In 1998 ASCAP distributed nearly $425 million of its $508 million gross to writers; both were records. However, the Fairness in Music Act was expected to impact future earnings. ASCAP had reciprocal agreements with 55 similar organizations in foreign countries; foreign performances accounted for over $130 million.

Further Reading:

  • Besen, Stanley M., et al., "An Economic Analysis of Copyright Collectives," Virginia Law Review 78, February 1992, pp. 383--419.
  • Breuhaus, Brian, "Dinner Music," Restaurant Business, November 1, 1998.
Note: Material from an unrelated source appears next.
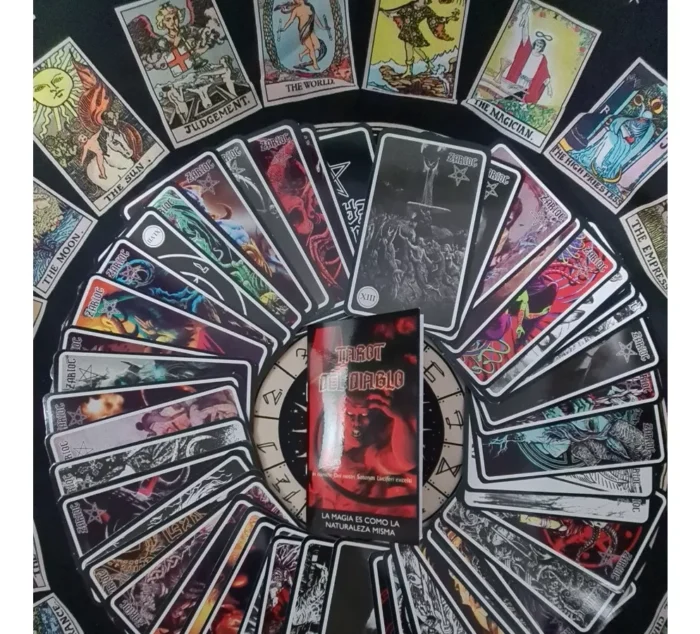 Baraja 53 Cartas Tarot Del Diablo Plastificadas Instructivo 2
  • Brooks, Steve, "All Keyed Up," Restaurant Business, October 10, 1993.
  • ----, "ASCAP and BMI Are Turning Up the Volume," Restaurant Business, July 1, 1995.
  • Conlin, Joseph, "Paying the Piper," Successful Meetings, October 1992, p. 26.
  • Foisie, Geoffrey, "Music Accord Is Upbeat for TV Profit," Broadcasting and Cable, November 8, 1993.
  • Jensen, Melinda, "Congress Could Turn Table on Music Licensers," Successful Meetings, April 1995.
  • Petrozzello, Donna, "ASCAP Restructuring Rates," Broadcasting and Cable, August 12, 1996.
  • Ryan, John, The Production of Culture in the Music Industry: The ASCAP-BMI Controversy, Lanham, Md.; London: University Press of America, 1985.
  • Taylor, R. William, "ASAE Interim Report on Music Licensing," Association Management, March 1992.